O diagnóstico do governo é preciso estar preparado para dar uma resposta menos açodada para essas ações. A eventual aprovação da PEC, porém, é vista com preocupação por uma ala de técnicos do Tesouro, pois os financiamentos do BNDES para ações ligadas ao clima têm juros ao redor de 6% ao ano ou até menos, a depender do tipo de projeto.
 

RENEGOCIAÇÃO DA DÍVIDA DOS ESTADOS
 

O secretário previu um impacto de R$ 15 bilhões a R$ 16 bilhões do projeto de renegociação da dívida dos estados com as mudanças que foram aprovadas pelo Senado, no início de agosto. A proposta tramita agora na Câmara. Ele defende a renegociação porque hoje, na prática, os estados endividados não pagam a dívida.

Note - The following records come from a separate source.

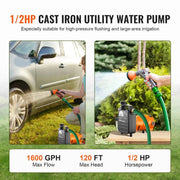 Bild in Galerie-Viewer laden, Amocart Cast Iron Water Transfer Pump 115V AC 1600GPH 1/2HP Portable for Garden, Rain Barrel, Pond, Hot Tub, Aquarium Draining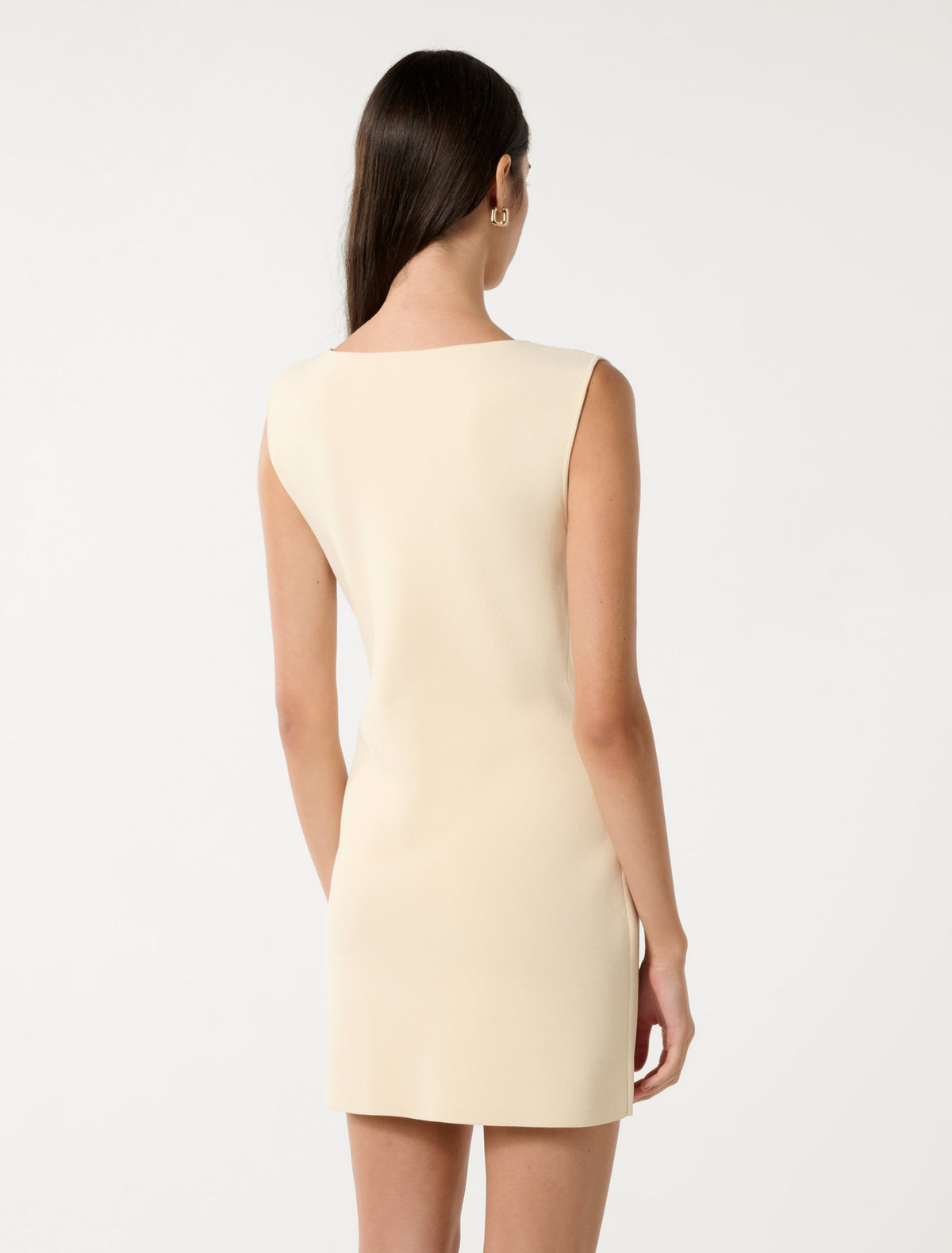 Mimi Hook and Eye Detail Mini Dress Double Cream
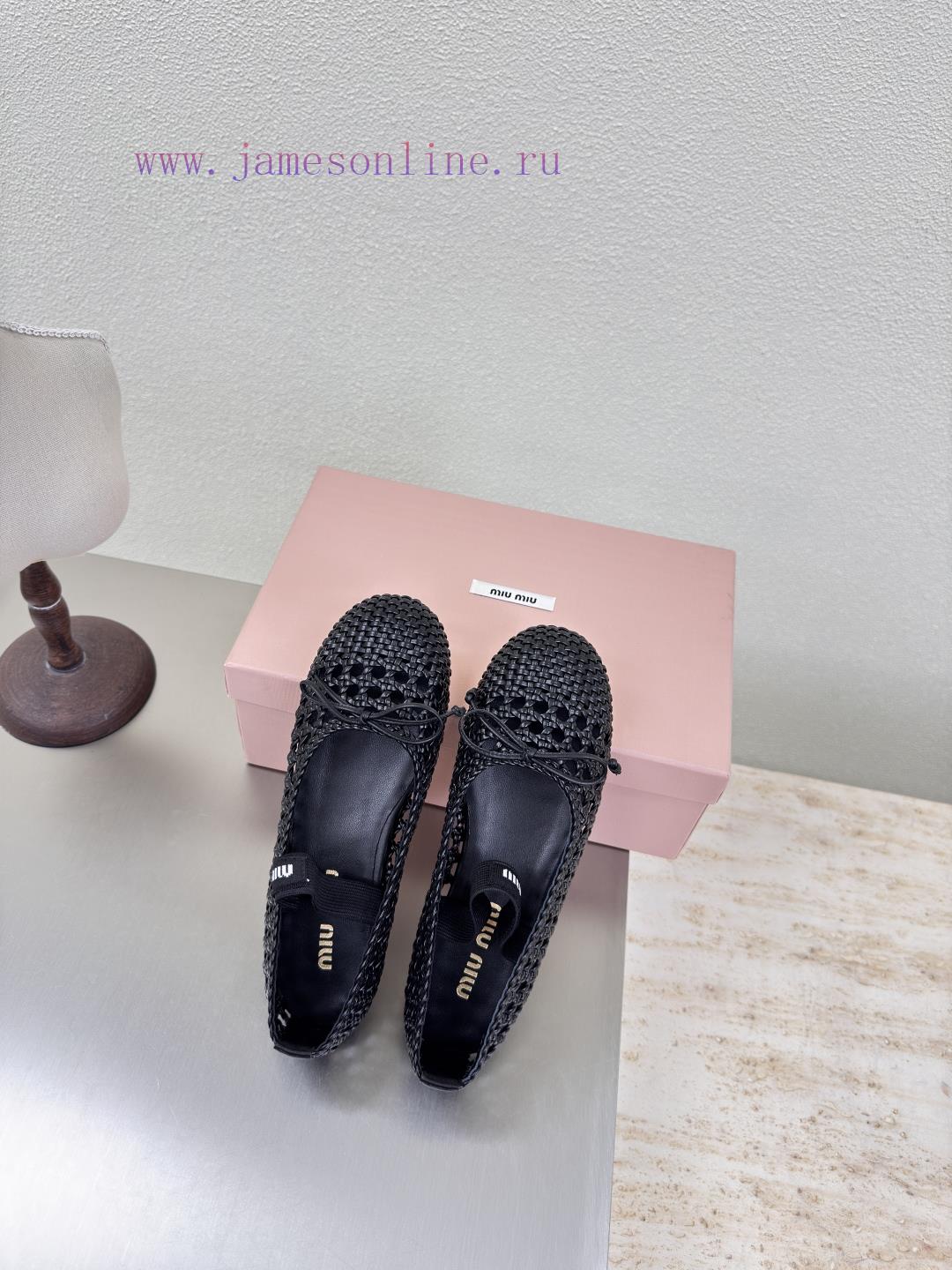 Miu'miu Hand Woven Mary Jane Flat Sole ShoesBlack Woven PatternFlat Bottomed DesignSeries Miu'm aqmjrds6 - Image 9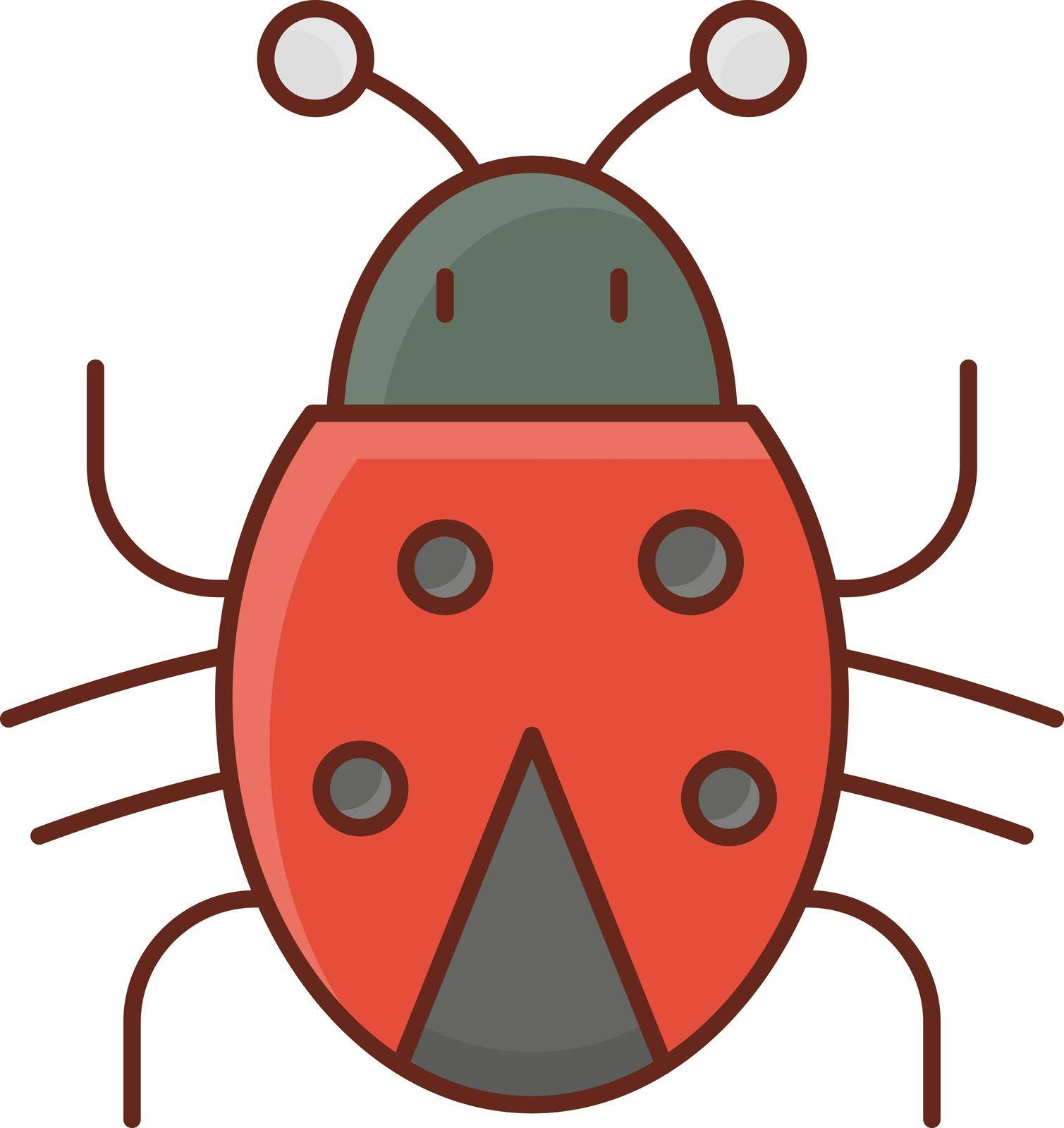 bug vector flat colour icon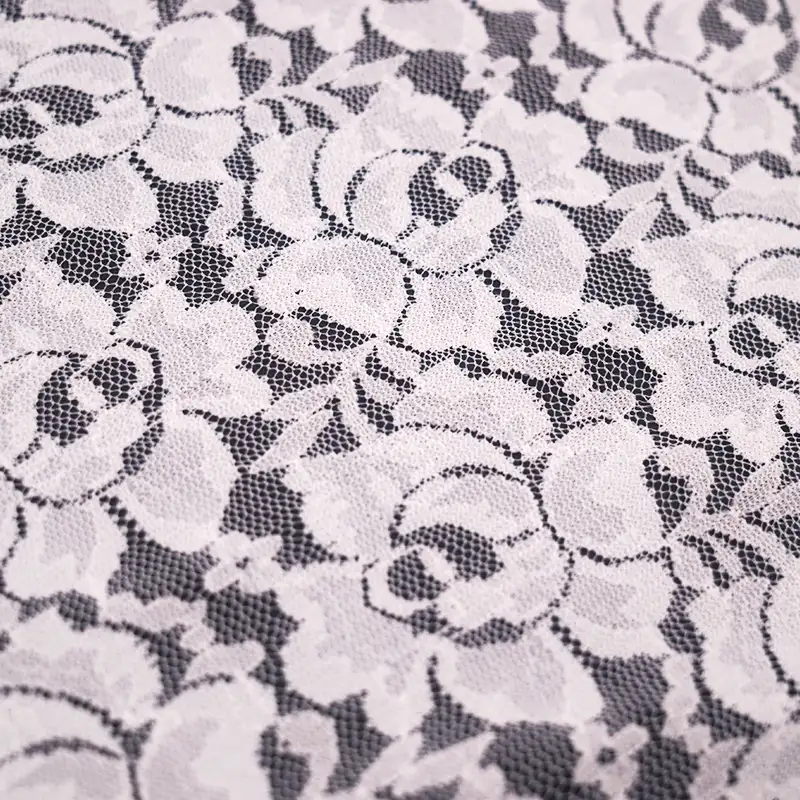 China Fabric for Blouse,Skirt,Dresses (Cardigan Open) ,Skirt  Lace Knit Fabric Nylon Spandex white color buy from China wholesaler bulk order at wholesale price free worldwide shipping Alibaba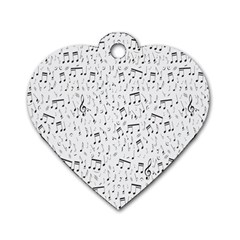 Musical Notes Song Dog Tag Heart (one Side) by Mariart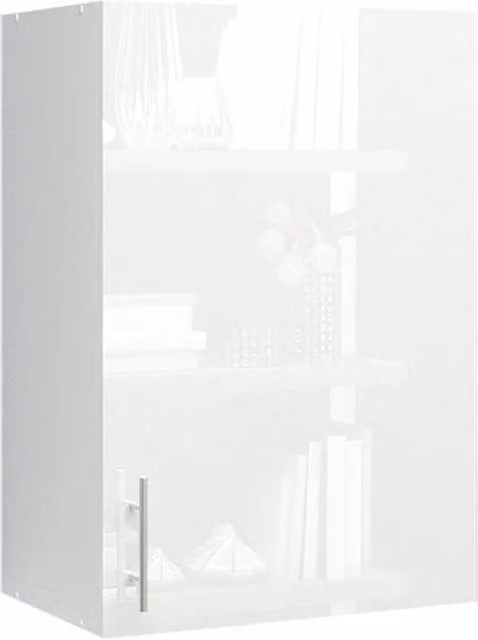 SPETLEK Modern Glossy White Kitchen Wall Unit Storage Cabinet with Internal Shelves – 1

Especialistas têm estimativas que variam de R$ 40 bilhões a R$ 60 bilhões de impacto.
 

"Deixar isso simplesmente correr, vai chegar um momento em que, no papel, você vai ter um estado devendo 300% da sua dívida, não vai ter condições de pagar, e o Congresso vai acabar, ou o Judiciário até, optando por um perdão de dívida", adverte. Na sua opinião, esse seria o pior precedente que poderia acontecer para o país.
 

Ceron não se mostrou favorável a incorporar na negociação as dívidas dos estados com bancos que foram honradas pelo Tesouro. No RRF (Regime de Recuperação Fiscal) aberto para socorrer os estados superendividados, os débitos com outras instituições também foram incluídos no acordo, além da dívida com a União. Sair deste programa para aderir a um plano que não alcança esses valores é visto como desfavorável pelos estados. "No primeiro momento, não nos parece adequado. A rigor não é uma relação com a União", diz.
 

MEDIDAS PARA SUSTENTAÇÃO DO ARCABOUÇO
 

Ceron diz que não há problema se despesas cresçam dentro de uma dinâmica sustentável, mas pondera que o debate de medidas estruturais para redução de despesas obrigatórias precisa ainda de maturação. Ele lembra que e reforma previdenciária foi sendo construída até que o Congresso abraçou para ser aprovada em 2019.
 

"O país está muito bem, estamos num momento sensacional, crescendo bem. Não podemos ter retrocesso. A gente vai ter que fazer reformas. Nem tudo a sociedade está pronta por mais que tecnicamente seja adequado. O nosso papel é ir colocando de uma forma legítima", acrescenta
 

ALTA DA DÍVIDA PÚBLICA
 

O secretário disse acreditar ser possível reduzir a previsão de alta da dívida bruta, que na conta do próprio Tesouro vai ultrapassar 81% do PIB (Produto Interno Bruto) a partir de 2026. "Talvez, a gente consiga [reduzir a projeção]. Depende do governo, do Congresso abraçar as medidas, para que garanta a continuidade do ciclo positivo que o Brasil vive", diz.
 

Ele destaca que o crescimento da dívida vai se estabilizar (parar de crescer) em 2028 e que isso não mudou. A diferença é que o endividamento vai se estabilizar num patamar mais alto. "[Antes] estava no limiar dos 80% do PIB, 79% e agora entre 81% e 82%. Precisamos trabalhar para garantir uma convergência das expectativas de inflação e o BC voltar a um processo de flexibilização da política monetária", afirma.